:: What you have to do ::
Which lines below fall between the one containing "Men's High Waist" and the one containing "Proud Member Gen"? Repeat them exactly, counting both of those lines, and add nothing else.

:: Materials provided ::
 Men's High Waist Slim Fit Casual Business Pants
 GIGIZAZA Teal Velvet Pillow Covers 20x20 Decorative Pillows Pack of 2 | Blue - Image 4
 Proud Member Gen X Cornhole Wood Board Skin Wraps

* * *

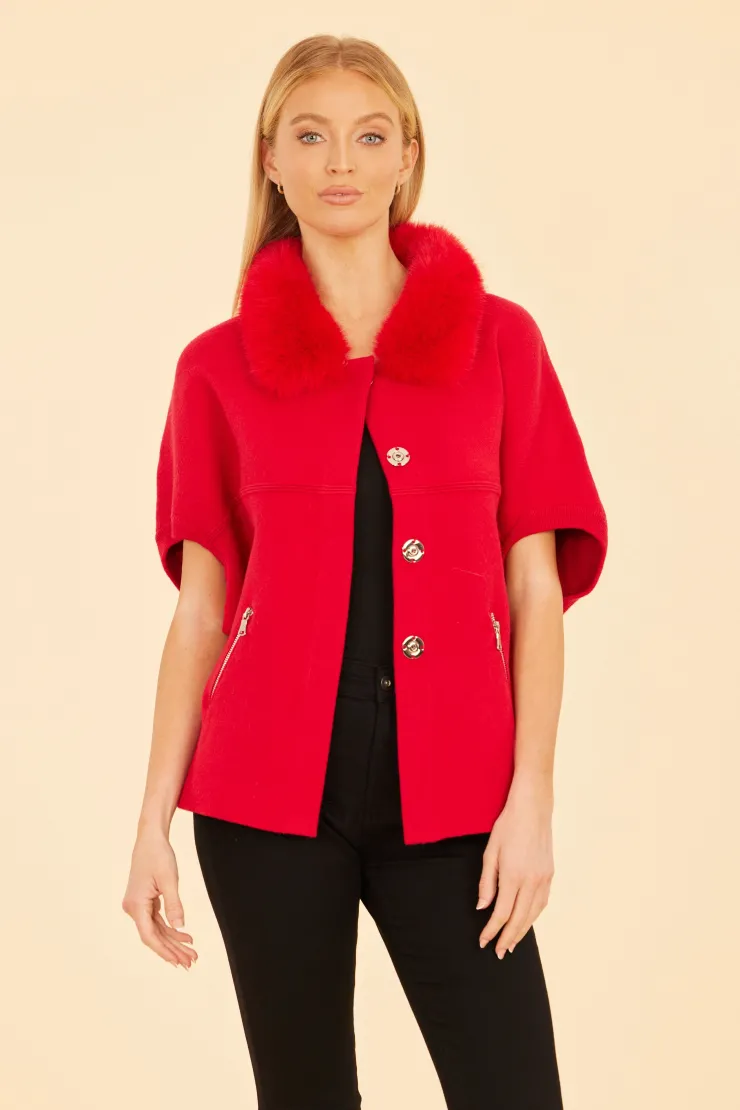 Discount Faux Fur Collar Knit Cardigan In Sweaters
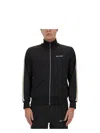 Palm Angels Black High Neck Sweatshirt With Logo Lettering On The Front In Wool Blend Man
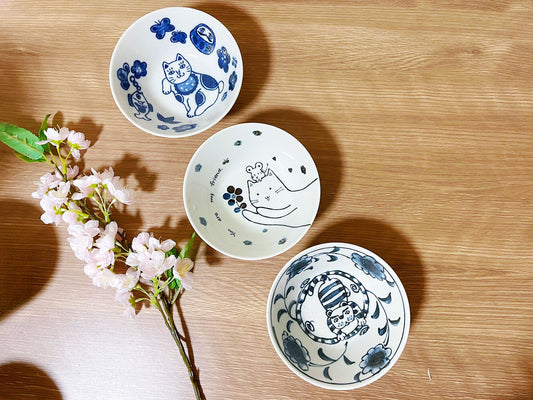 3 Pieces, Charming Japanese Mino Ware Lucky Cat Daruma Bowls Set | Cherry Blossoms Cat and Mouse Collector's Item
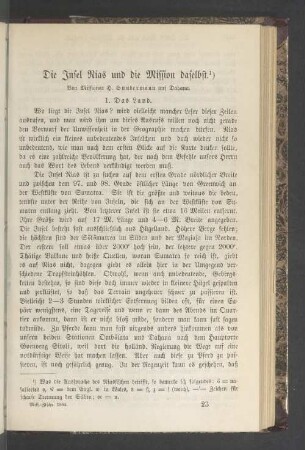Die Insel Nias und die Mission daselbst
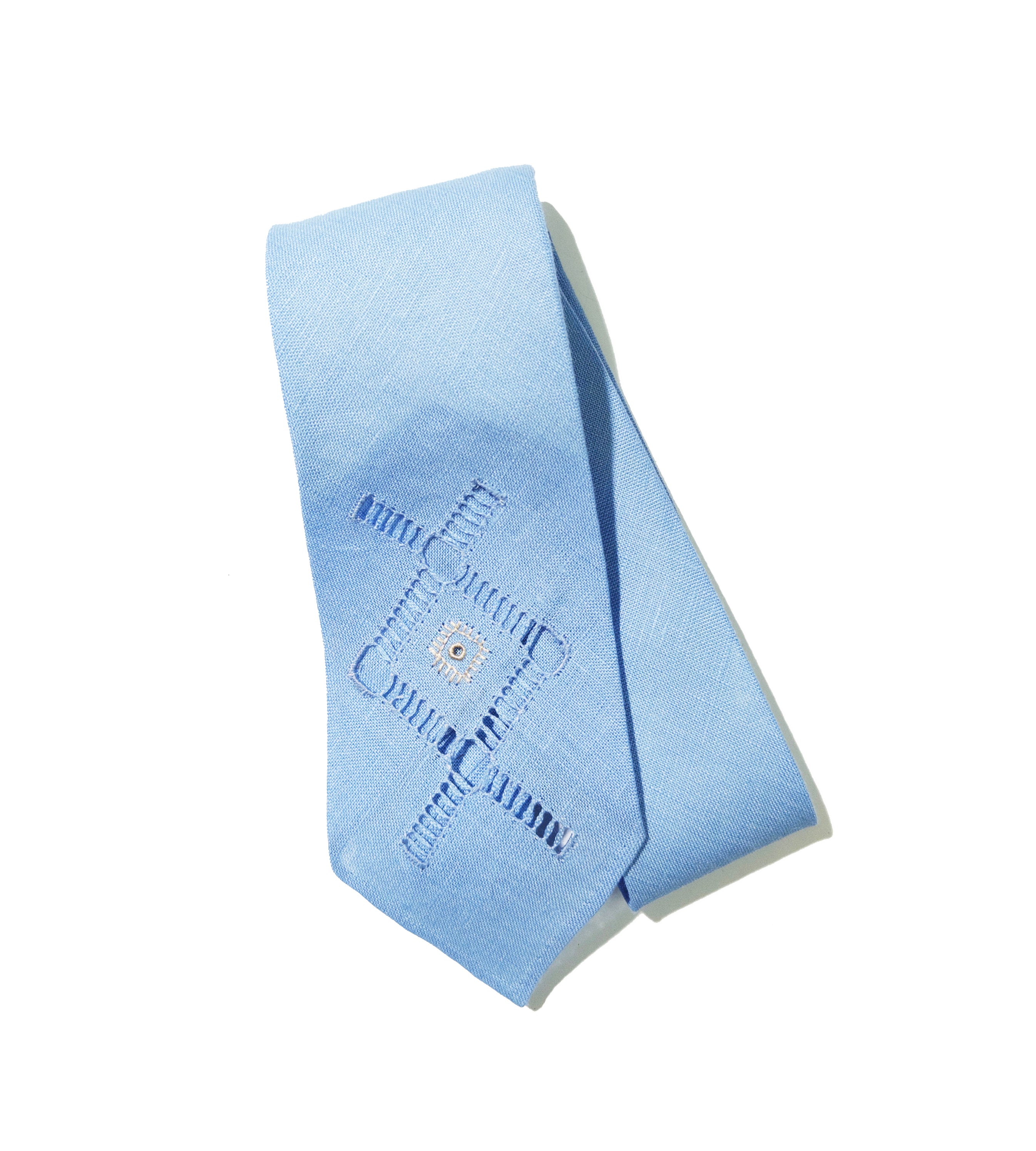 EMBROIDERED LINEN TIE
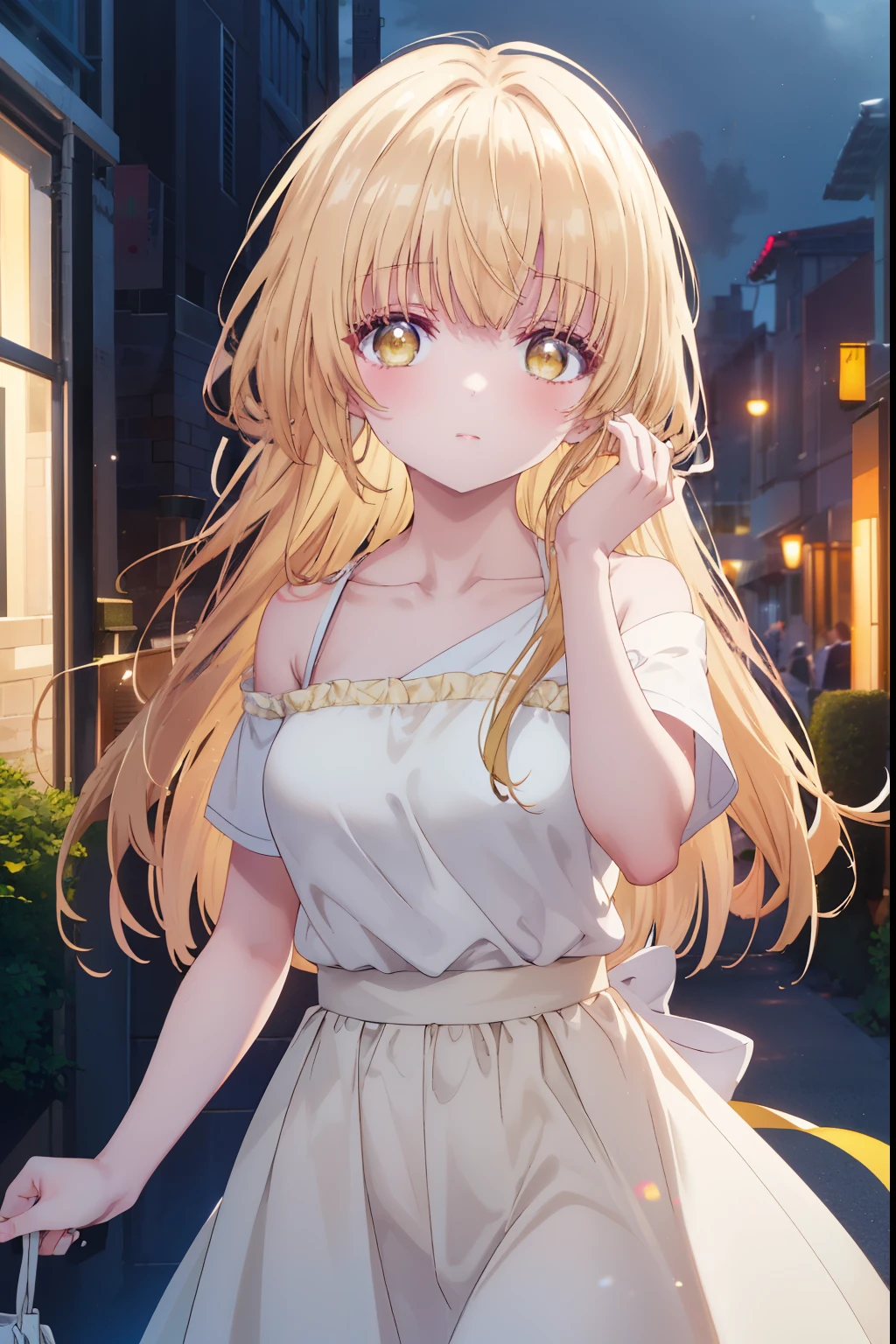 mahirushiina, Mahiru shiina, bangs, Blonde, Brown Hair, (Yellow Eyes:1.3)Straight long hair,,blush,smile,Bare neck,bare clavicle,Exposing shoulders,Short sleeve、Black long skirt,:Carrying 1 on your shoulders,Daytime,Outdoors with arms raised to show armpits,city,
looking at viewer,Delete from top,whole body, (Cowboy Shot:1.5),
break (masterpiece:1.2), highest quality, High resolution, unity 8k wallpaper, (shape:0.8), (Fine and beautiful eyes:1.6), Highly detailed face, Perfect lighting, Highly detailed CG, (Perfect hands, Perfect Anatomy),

--

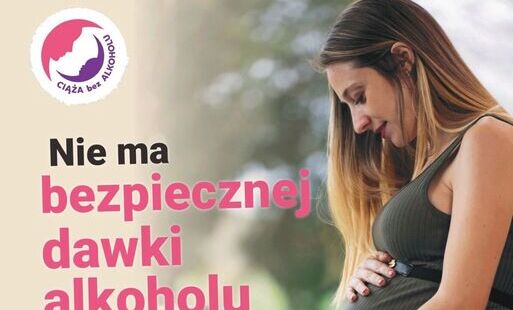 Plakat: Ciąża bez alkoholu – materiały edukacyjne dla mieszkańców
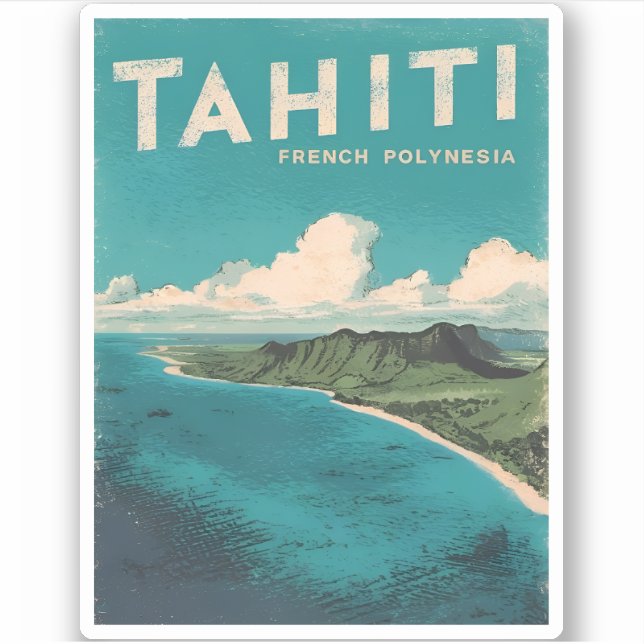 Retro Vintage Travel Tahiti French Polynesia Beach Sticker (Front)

:: Your response ::
 Men's High Waist Slim Fit Casual Business Pants
 GIGIZAZA Teal Velvet Pillow Covers 20x20 Decorative Pillows Pack of 2 | Blue - Image 4
 Proud Member Gen X Cornhole Wood Board Skin Wraps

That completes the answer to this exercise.